**Saved entries:**
/---
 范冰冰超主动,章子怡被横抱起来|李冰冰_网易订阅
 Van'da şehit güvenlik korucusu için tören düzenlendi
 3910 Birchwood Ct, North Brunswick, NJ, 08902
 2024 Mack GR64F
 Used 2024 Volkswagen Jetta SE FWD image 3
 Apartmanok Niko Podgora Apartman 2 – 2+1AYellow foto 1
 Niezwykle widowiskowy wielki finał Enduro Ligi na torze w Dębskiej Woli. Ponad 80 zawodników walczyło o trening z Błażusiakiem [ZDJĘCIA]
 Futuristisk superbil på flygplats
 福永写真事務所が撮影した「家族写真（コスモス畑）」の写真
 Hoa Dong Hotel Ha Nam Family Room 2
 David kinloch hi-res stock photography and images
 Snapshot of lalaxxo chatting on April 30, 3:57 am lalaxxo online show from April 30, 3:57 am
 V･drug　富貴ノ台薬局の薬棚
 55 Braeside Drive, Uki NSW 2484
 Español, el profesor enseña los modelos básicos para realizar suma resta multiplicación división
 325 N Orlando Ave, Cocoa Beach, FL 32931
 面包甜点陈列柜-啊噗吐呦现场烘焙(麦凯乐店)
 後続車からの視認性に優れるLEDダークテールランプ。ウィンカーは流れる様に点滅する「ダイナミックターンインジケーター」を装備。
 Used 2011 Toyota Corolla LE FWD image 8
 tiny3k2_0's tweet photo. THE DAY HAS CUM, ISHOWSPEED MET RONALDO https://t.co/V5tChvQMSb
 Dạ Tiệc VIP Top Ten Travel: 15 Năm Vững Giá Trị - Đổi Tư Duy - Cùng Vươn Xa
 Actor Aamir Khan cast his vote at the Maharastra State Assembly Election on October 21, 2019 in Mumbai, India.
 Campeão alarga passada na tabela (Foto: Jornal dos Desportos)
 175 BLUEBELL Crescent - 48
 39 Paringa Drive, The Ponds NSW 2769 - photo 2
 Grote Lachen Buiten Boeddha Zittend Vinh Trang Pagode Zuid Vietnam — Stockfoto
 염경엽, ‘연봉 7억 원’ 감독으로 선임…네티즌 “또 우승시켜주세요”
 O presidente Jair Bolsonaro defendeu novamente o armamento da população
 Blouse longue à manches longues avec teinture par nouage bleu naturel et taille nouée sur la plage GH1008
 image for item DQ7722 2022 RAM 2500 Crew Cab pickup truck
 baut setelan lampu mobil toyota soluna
\---
**Directions for this task:**
Across the data above, how many lines include the word "Used"? Give only the count.

**Solution for this task:**
2